Dolphin Address 16
June 26th 2006
Willem accompanied me to Gleninah. The pier wall runs in, sheltering a shallow slipway, continued by a sandy stretch easing down. The water was crystal clear with masses of very young sand eels and a few of these nasty lamp shade jellyfish. If need be I can carry the whole boat by myself, but Willem helped me to get it down to the water. I instructed him on the Nikon and the Everio capture and got into my wetsuit. First check was if I could get out in time before drowning. No bother at all. I sat in again and pushed myself out.
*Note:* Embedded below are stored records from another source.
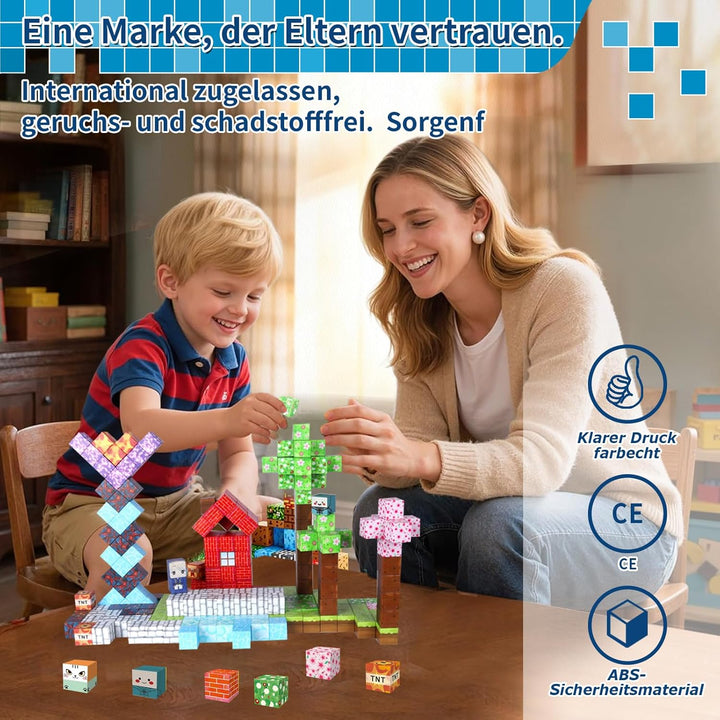 AuTong Magnetische Bausteine 154 Teile - ab 3-9 Jahre Magnetspielzeug Magneten Kinder Magnetische Ba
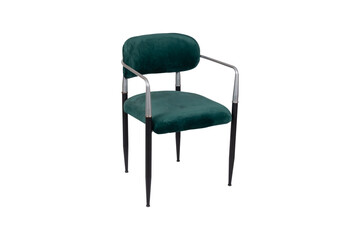 Velvet Armchair with Black and Silver Metal Frame - Modern and Stylish Design. Emerald Green Velvet...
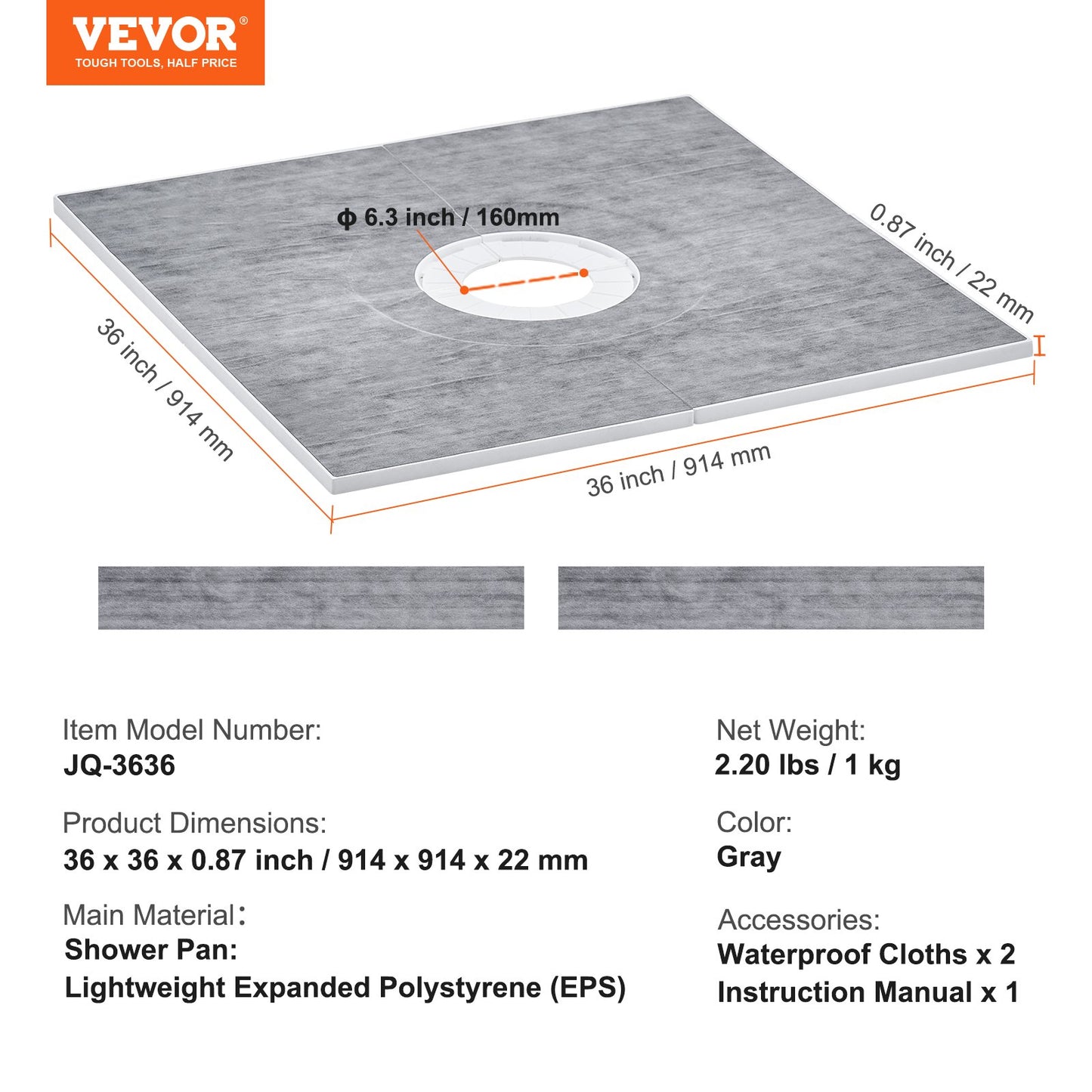 VEVOR Shower Curb Kit, 914x914mm Shower Pan Kit with 160mm Central Drain, Lightweight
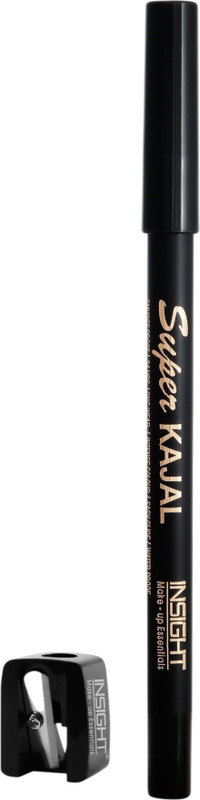 INSIGHTCOSMETIC Super Kajal with Sharpener |25hr Long Wear|Waterproof(Black, 1.7 g)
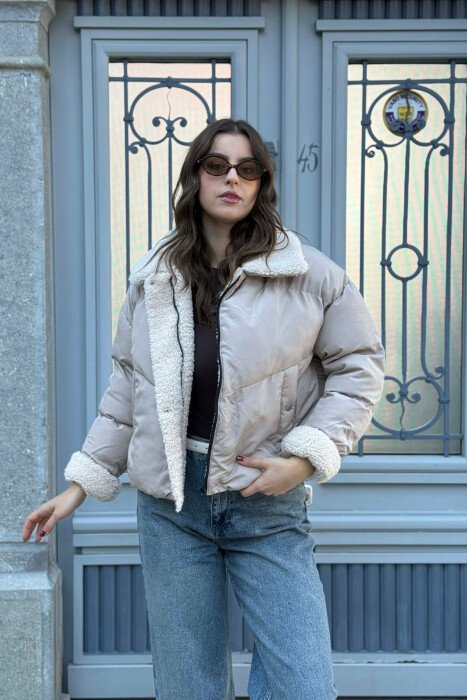 SIMPLE WOMEN PUFFER JACKET BEIGE/BEZHE - 2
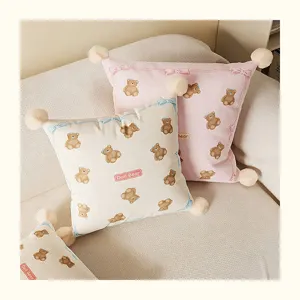 Cream style cute bear throw pillow cover cushion with pom poms for sofa living room bed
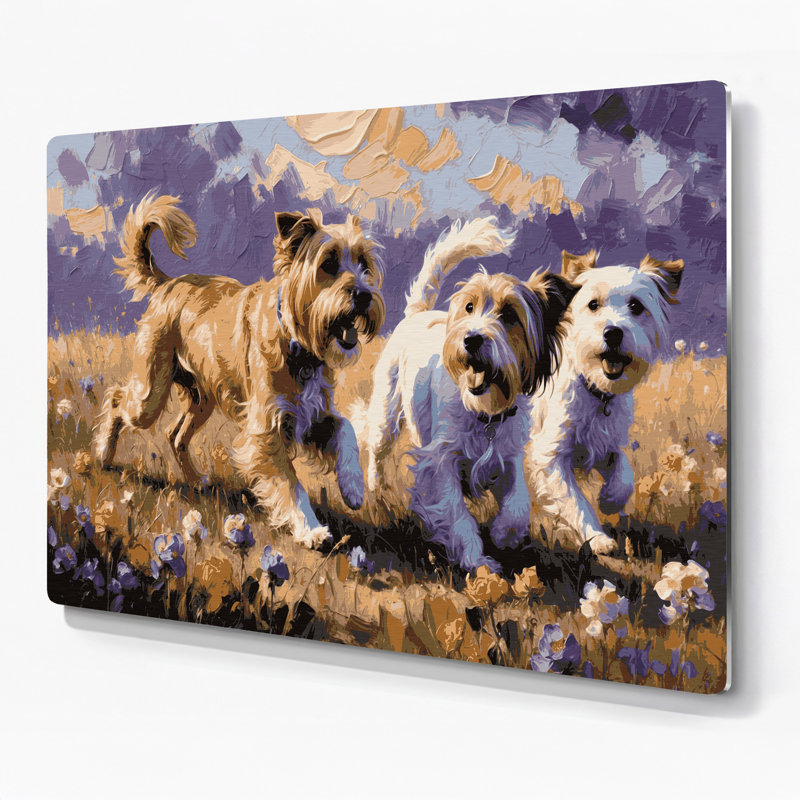 Chiens, terrier tibétain, art mural en métal noir, H 11 po x l 14 po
Then I let the mono kick in. You might have a burst of bad laughter. I did move, but hardly at pedestrian speed. Instead of sinking myself into the grim ridicule of tourist idiocy I kept on pumping, trying out different ways to counter the reacting up and down movement of the boat to the pushing and heaving of the mono.
I found that, having gained some speed it became easier to keep it up, but that was all the good news. So I got to troubleshooting. Ideally one of us should have been pumping inside the boat, while the other would have filmed the way the mono pushed away the water underneath(finally got the new Everio underwater housing in!). I could not hang outside the boat to look underneath as it would capsize.
Photo: Willem Verhulst
So I had to make do with mainly abstract thinking. Of course I looked underneath from under water myself, pushing and heaving the lever, but as I could not be inside at the same time it was also conjecture. When I sit in by my weight the boat hangs a bit backward. This alters the cutting angle of the mono into an upward tilt and therefore it is far less effective. So I am going to add a length of plywood to the back of the frame, making it longer and wider. On the picture you can see the blue of the wrapper of a 5 litre water bottle strung on top of the extremes of the frame wing. That I want to extend, hanging two 2 litre Coke bottles under the extremes on either side, more if need be. This would level the boat position effectively. I'm thinking to make the coke bottles swivel able, with a rudder attached, so they do not only make me float level, but are simultaneously effective in steering.
The mono I attached is the oldest and weakest that I have. I got rather tired from the pumping itself, not so much from the actual resistance. The lever does an excellent power job. So I'm going to construct an entirely new wing for under the boat that is much larger and allows a limited tilt to the hinged leading edge. Under the proper, level, angle it would be much more effective in push-off power and once it gets going it will be easier to keep feeding power, like it is with swimming the WW+mono. Between the extremes of the frame wing I want to stretch a sheet of rubber so the upstroke will squeeze backwards the cushion created between it and the bottom of the boat and the underside of the rubber sheet.
I’m not there by a long stretch, but I’m on my way.